SIXTEENTH-CENTURY ENGRAVING WITH PICTURE-MOTET - Verdonck's Magnificat.Click Image to ZoomEnlarge Image

SIXTEENTH-CENTURY ENGRAVING WITH PICTURE-MOTET

Verdonck's Magnificat.

Jan Sadler, the elder (1550-1600) after Marten de Vos (1532-1603). Antwerp, early 1590s; likely second state. Total size in mat: 17" h x 20" w. Engraving trimmed to image and laid down on a sheet of laid paper with decorative black ink and green border. Print in very good condition with only very minor staining at top (in the clouds), a small squiggle and a stain on the right side and two small repaired tears at bottom right. Reinforcing sheet with some minor professionally repaired tears. A beautiful presentation in a double mat.
This early-issue picture-motet engraving after Martin de Vos (1537-1603) incorporates into its design the full score of Cornelis Verdonck's (1563-1625) Magnificat motet. The work has only survived because of its inclusion in this print, where it is notably displayed on two cartelles held up by angels on either side of the Virgin Mary as four other angels play the gamba, transverse flute, and cornetto at her feet. A verse from Psalm 147 is printed in Latin at the bottom.

Cartelles were erasable slate tablets that composers used to sketch and develop their musical ideas. Because they are infrequently depicted in iconography of the time and few have survived to the present day, their presence here is of significant historical interest.

Jan Sadeler (1550-1600) produced the first issue of this engraving in 1585 and is known to have made several copies in the 1590s. We believe this is a second state impression from the 1590s because of a corrected typo of sorts in the Psalm text: in the first state, the first word erroneously reads Selicolum, but has here been changed to Coelicolum (the Latin word for heavenly).
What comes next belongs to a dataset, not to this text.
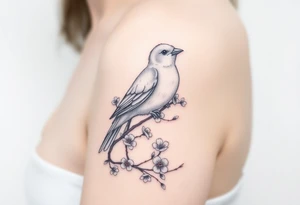 The white plum blossom sparrow standing on top with appropriate white space is artistic tattoo idea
This engraving is a wonderful example of a picture-motet, or a devotional print that depicts angels and other biblical figures singing and playing from partbooks -- or in this unusual case, cartelles -- that show perfectly legible music. They may have been printed in support of the Catholic Counter-Reformation. Jan Sadeler was the creator of the picture-motet genre and its master exponent, producing the first one in 1584, with another work by Verdonck, and later working with various artists to produce other such engravings.